BEGIN Data

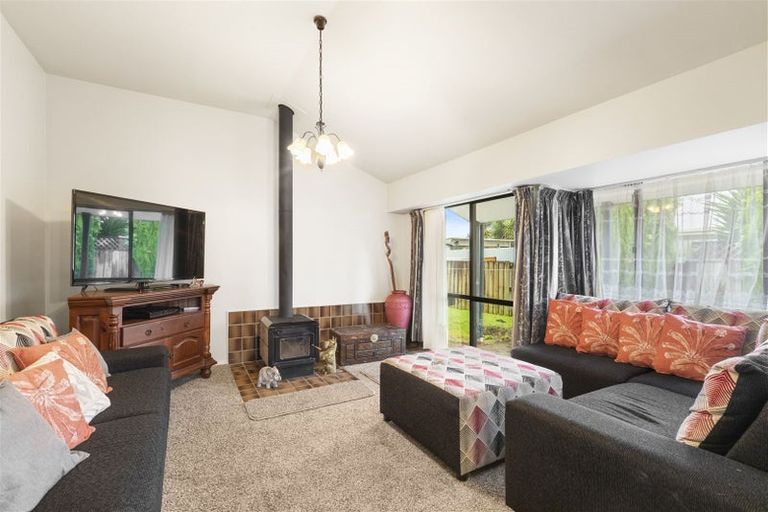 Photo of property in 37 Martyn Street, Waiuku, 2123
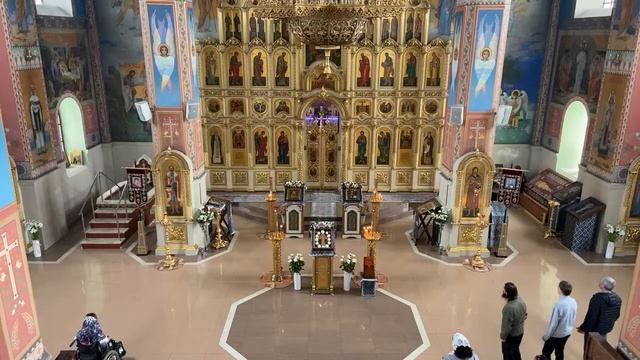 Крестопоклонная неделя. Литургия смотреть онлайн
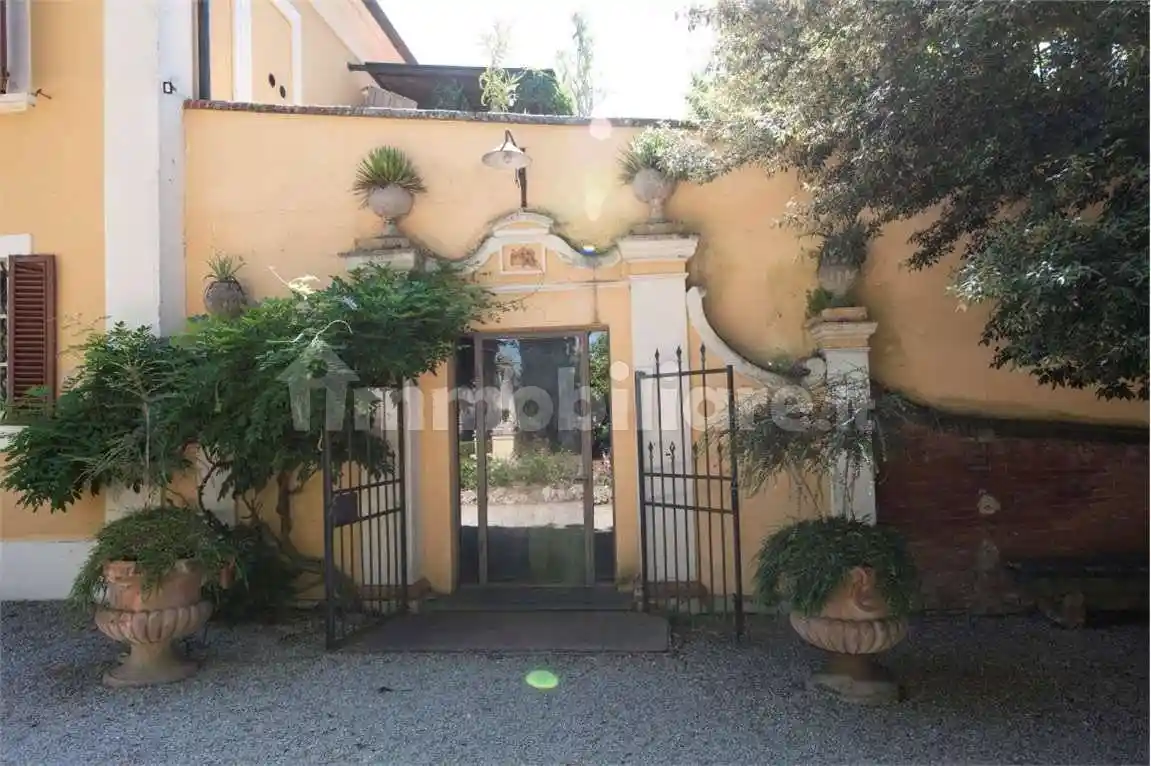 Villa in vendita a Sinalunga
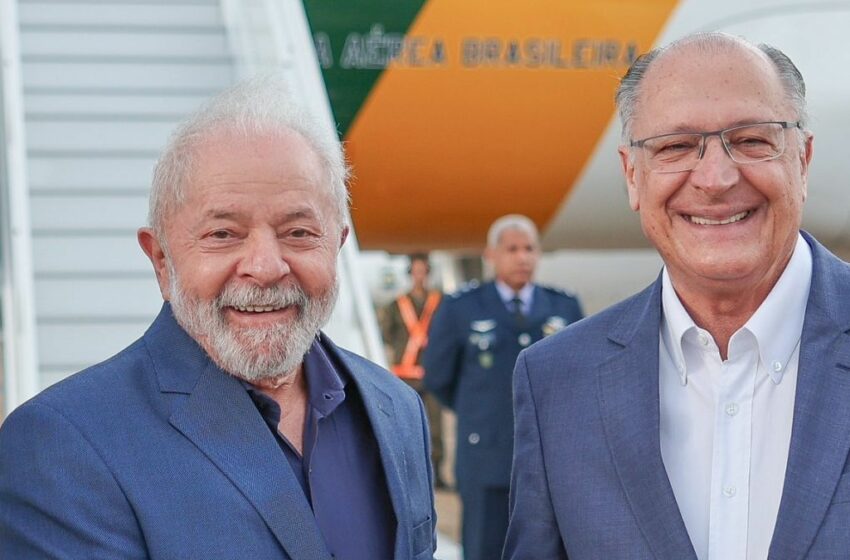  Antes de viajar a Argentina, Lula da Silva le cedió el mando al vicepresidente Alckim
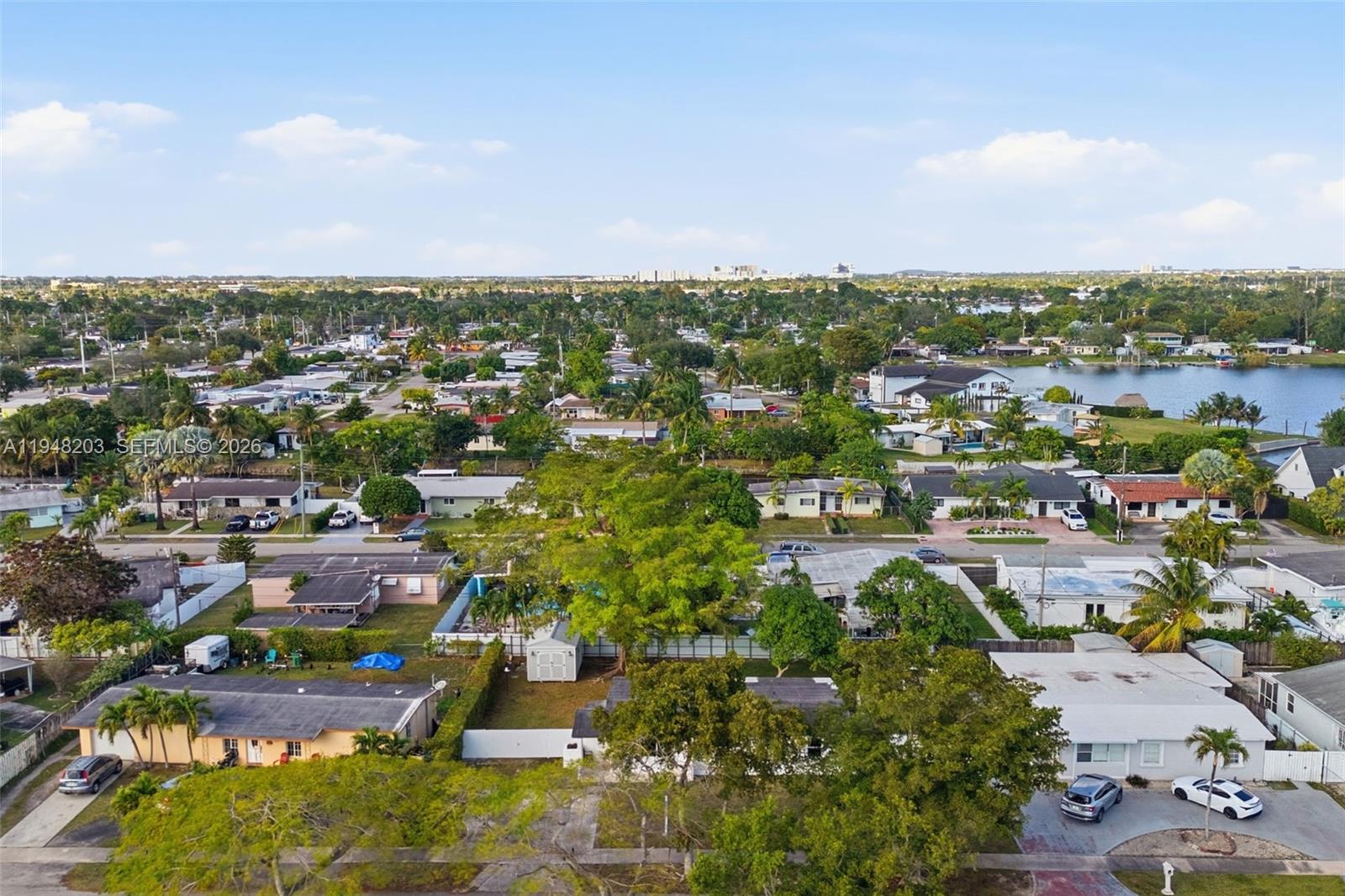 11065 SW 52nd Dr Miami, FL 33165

END Data

### Task statement
Write every record out again exactly, omitting the pictures they hold.

### Response
 Photo of property in 37 Martyn Street, Waiuku, 2123
 Крестопоклонная неделя. Литургия смотреть онлайн
 Villa in vendita a Sinalunga
  Antes de viajar a Argentina, Lula da Silva le cedió el mando al vicepresidente Alckim
 11065 SW 52nd Dr Miami, FL 33165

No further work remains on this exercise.